REPUBLIKA.CO.ID, JAKARTA -- Mantan narapidana, Anton Medan, mengkhawatirkan munculnya kerusuhan di sejumlah lembaga pemasyarakatan pada Hari Raya Idul Fitri atau Lebaran dan Hari Proklamasi karena adanya pengetatan remisi yang diterapkan pemerintah.
"Potensi kerusuhan tersebut karena adanya pengetatan remisi yang diterapkan pemerintah melalui Peraturan Pemerintah No 99 tahun 2012 kepada seluruh narapidana," kata Anton Medan pada diskusi "Dialektika Demokrasi: Kerusuhan LP Tanjung Gusta, Siapa Bertanggungjawab?" di Gedung MPR/DPR/DPD RI, Jakarta, Kamis.
Anton Medan mengatakan para narapidana selama ini memiliki harapan bisa segera kembali ke masyarakat karena adanya remisi atau potongan hukuman yang diberikan pemerintah, baik pada peringatan hari Proklamasi, hari raya keagamanaan, maupun pembebasan bersyarat.

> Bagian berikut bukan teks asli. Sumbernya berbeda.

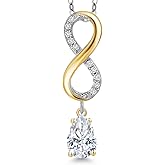Gem Stone King 925 Silver and 10K Yellow Gold White Moissanite and Lab Grown Diamond Pendant Necklace for Women | 2.08 Cttw | Gemstone Birthstone | Pear Shape 8X5MM | With 18 Inch Chain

"Karena adanya harapan tersebut, para narapidana berperilaku baik,'' katanya. ''Mereka berharap hukumannya menjadi lebih singkat dan bisa lebih cepat berkumpul kembali bersama keluarga dan tetangga."

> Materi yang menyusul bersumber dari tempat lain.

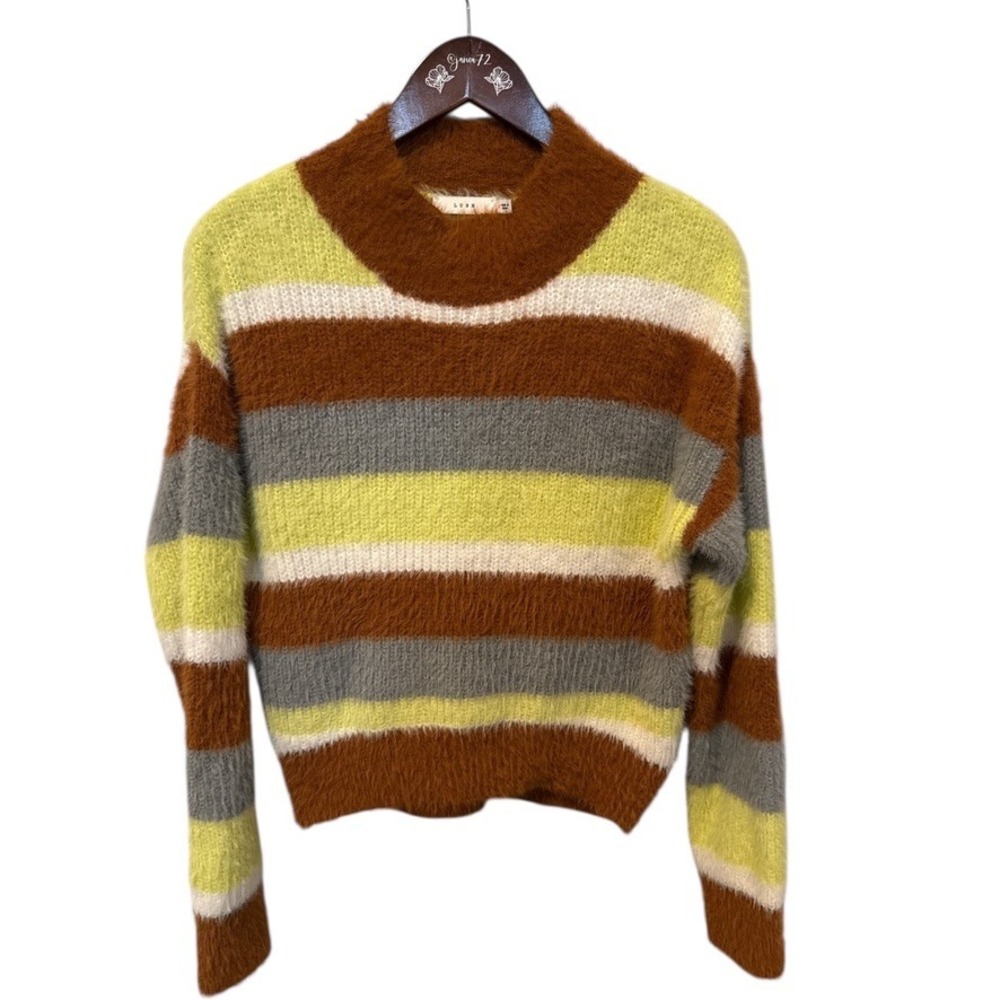 LUSH Striped Mock Neck Fuzzy Sweater Women's Size S‎  Chunky Cozy Stripe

Namun, setelah pemerintah menerapkan Peraturan Pemerintah No 99 tahun 2012 tentang Pengetatan Remisi, para narapidana menjadi resah dan merasa tidak memiliki harapan bahwa hukumnya bisa menjadi lebih singkat.
''Karena merasa tidak ada harapan dan akumulasi dari berbagai persoalan lain di dalam lembaga pemasyarakatan, membuat perilaku para narapidana menjadi brutal,'' kata Anton.
"Kerusuhan di Lapas Tanjung Gusta Medan merupakan akumulasi dan kegelisahan karena dihapusnya remisi serta akumulasi dari berbagai persoalan di dalam lapas," katanya.
Pada kesempatan tersebut, Anton Medan mengusulkan agar pemerintah mencabut kembali PP No 99 tahun 2012 tentang Pengetatan Remisi karena dapat memicu kerusuhan di dalam Lapas.